Segment Open

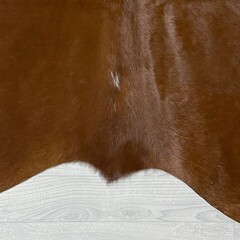 Koeienhuid bruin wit Hereford 215x200cm M/L
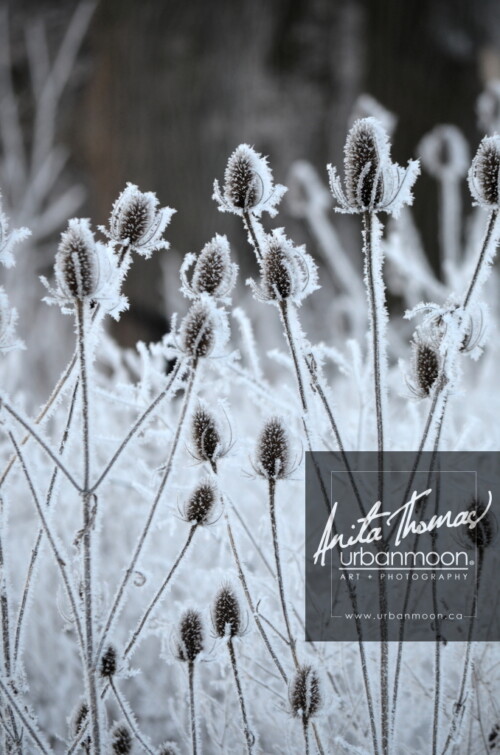 Landscape photography - The teasel, covered in hoar frost, sways in the wind on a cold winter's morning in Hamilton, Ontario, Canada.
© Anita Thomas - Urbanmoon Photography. All Rights Reserved. teasle in winter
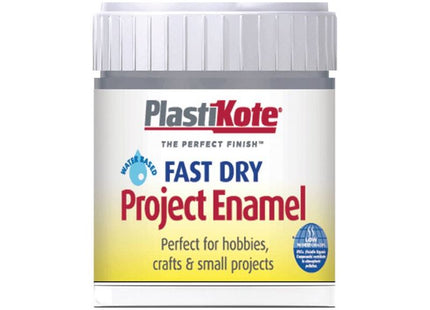Plastikote Fast Dry Enamel Paint B52 Bottle Pewter 59ml PlastiKote - RockBottom Nothampton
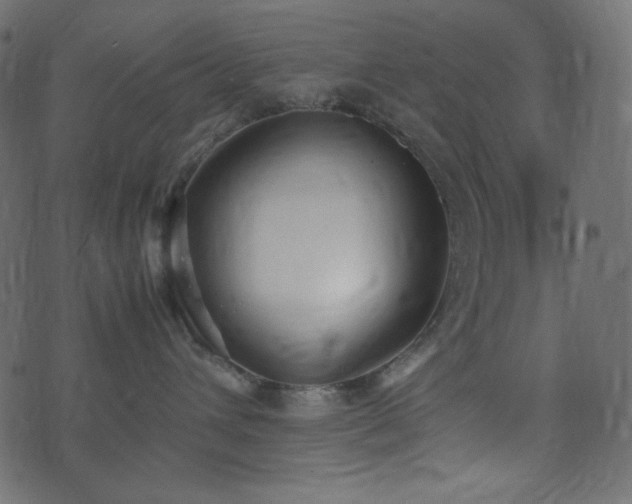 X0000074310432200608251240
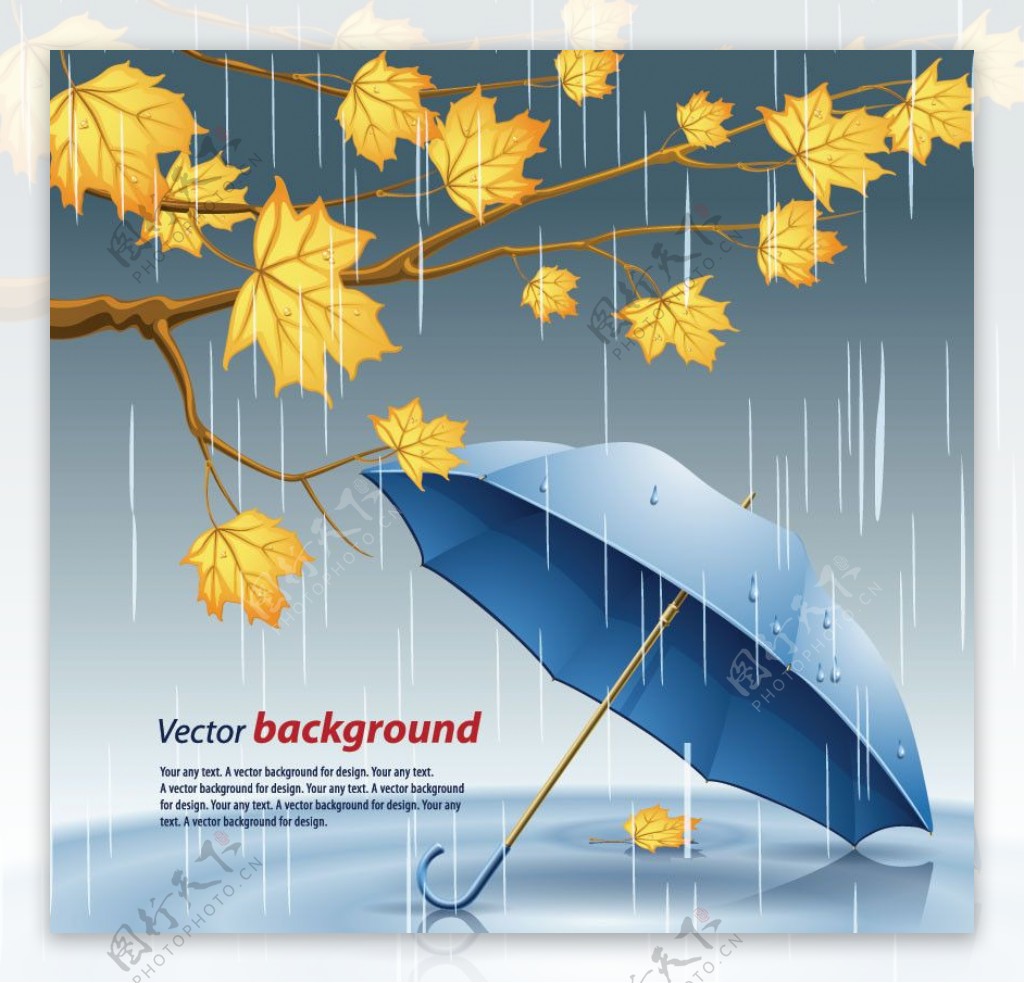 雨中秋天枫叶背景雨伞图片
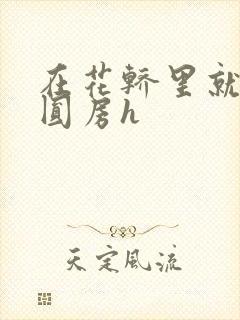 在花轿里就开始圆房h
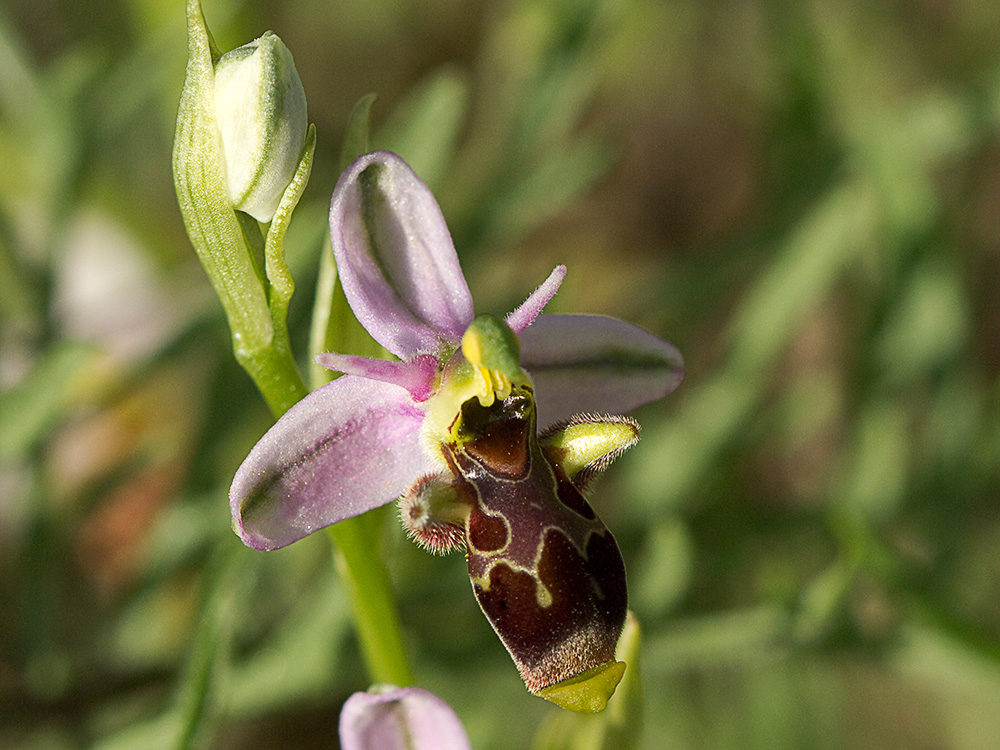 Orquídea perdiz (Ophrys scolopax)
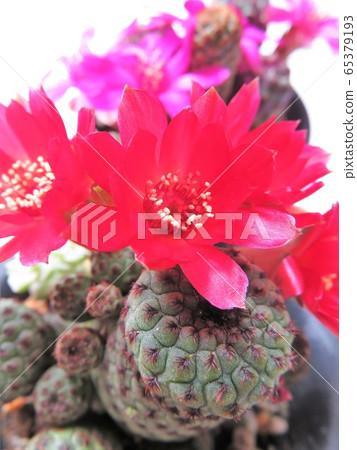 Lausy flowers Lausy flowers 65379193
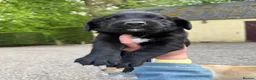 Cockerdor dogs for sale: Beautiful Cockador Puppies in Heriot - Advert 9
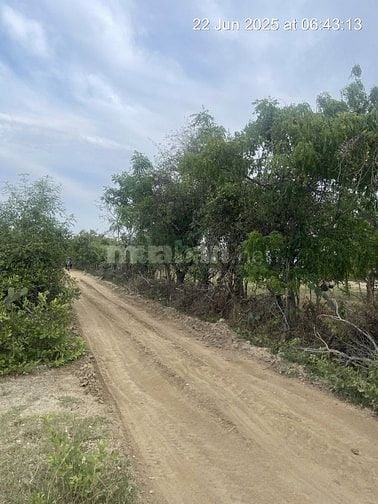 Bán 6640m2 giá 3,2 tỷ, sổ đỏ, gần khu du lịch Mũi Dinh, Ninh Thuận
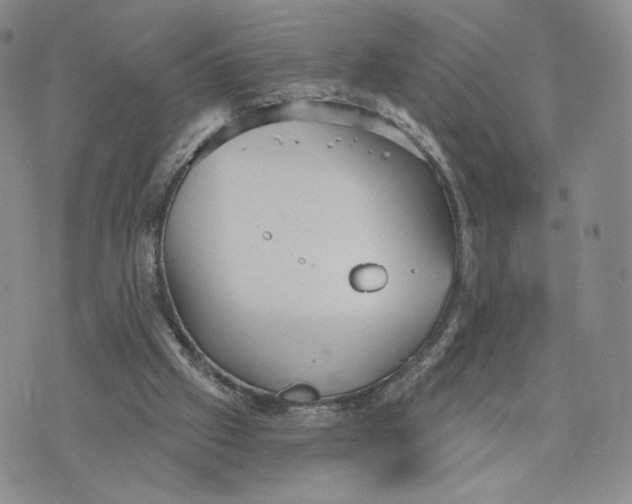 X0000070340057200606301751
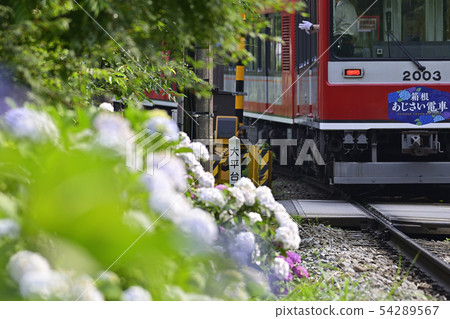 Ajisai Train 2000 [2019] Hakone Tozan Railway Ohiradai [Kanagawa Prefecture] 54289567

Segment Closed

▶ How to complete this task
Exactly reproduce the lines that run from the first line of the listing above to the line containing "teasle in winter", including both; omit the pictures.

▶ Result of this exercise
 Koeienhuid bruin wit Hereford 215x200cm M/L
 Landscape photography - The teasel, covered in hoar frost, sways in the wind on a cold winter's morning in Hamilton, Ontario, Canada.
© Anita Thomas - Urbanmoon Photography. All Rights Reserved. teasle in winter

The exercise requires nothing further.